BEGIN SOURCE MATERIAL

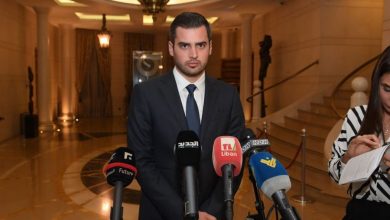 Photo of طوني فرنجيّة: تبقى الأسودُ أسوداً والكلابُ كِلابا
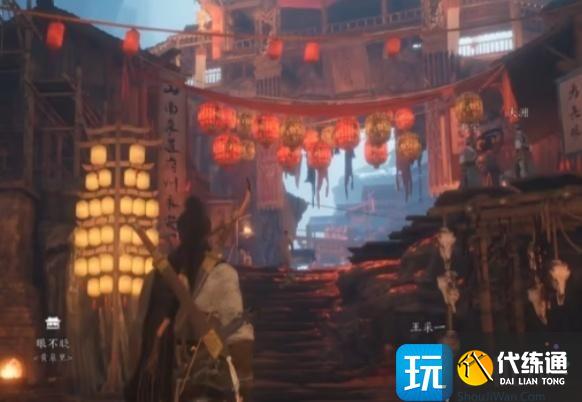 《燕云十六聲》夜夢僧任務完成攻略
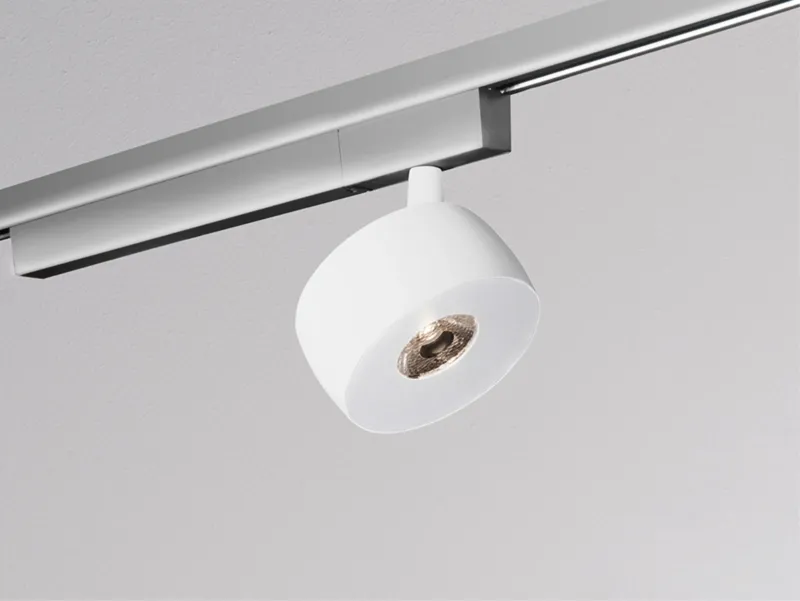Molto Luce VIBO VOLARE DIM (weiß) Molto Luce VIBO VOLARE DIM (weiß) - Produktbild 1
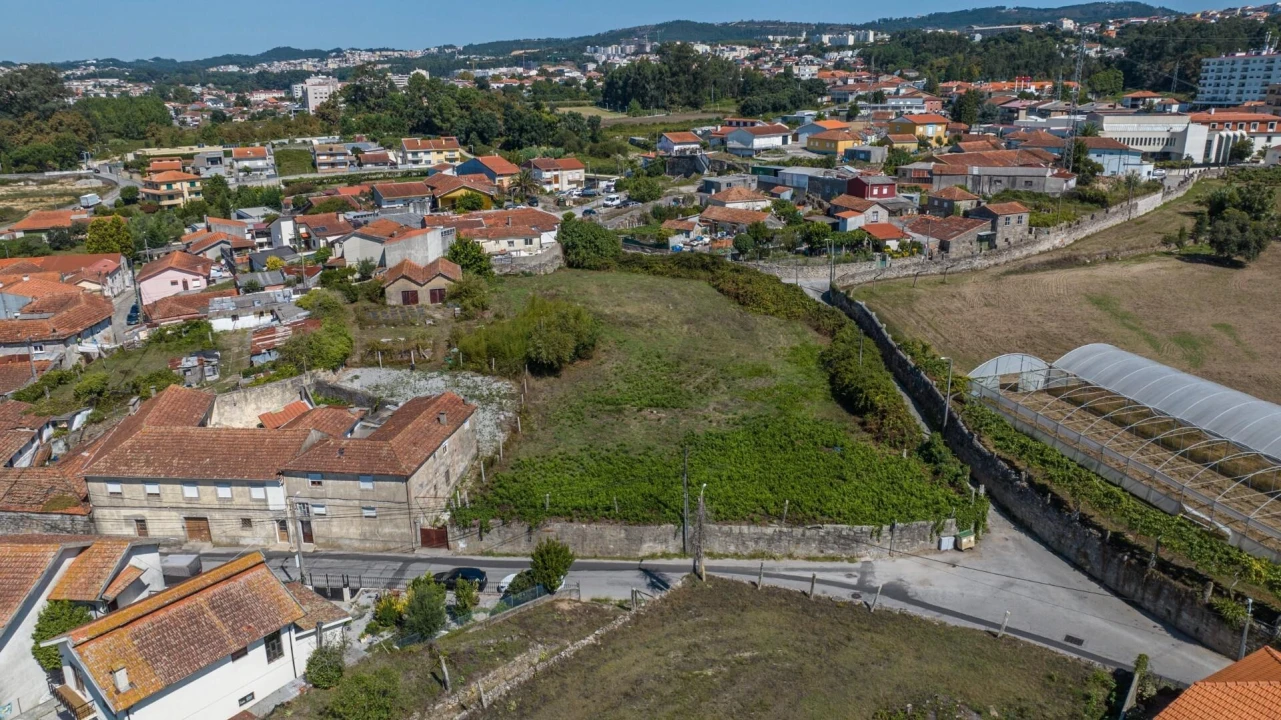 Terreno para Venda em Gondomar (São Cosme), Valbom e Jovim Foto 15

END SOURCE MATERIAL

Please repeat the lines above from the line containing "Molto Luce VIBO VOLARE DIM (weiß) Molto" through the final line, both included, exactly as they stand and without pictures.

Molto Luce VIBO VOLARE DIM (weiß) Molto Luce VIBO VOLARE DIM (weiß) - Produktbild 1
 Terreno para Venda em Gondomar (São Cosme), Valbom e Jovim Foto 15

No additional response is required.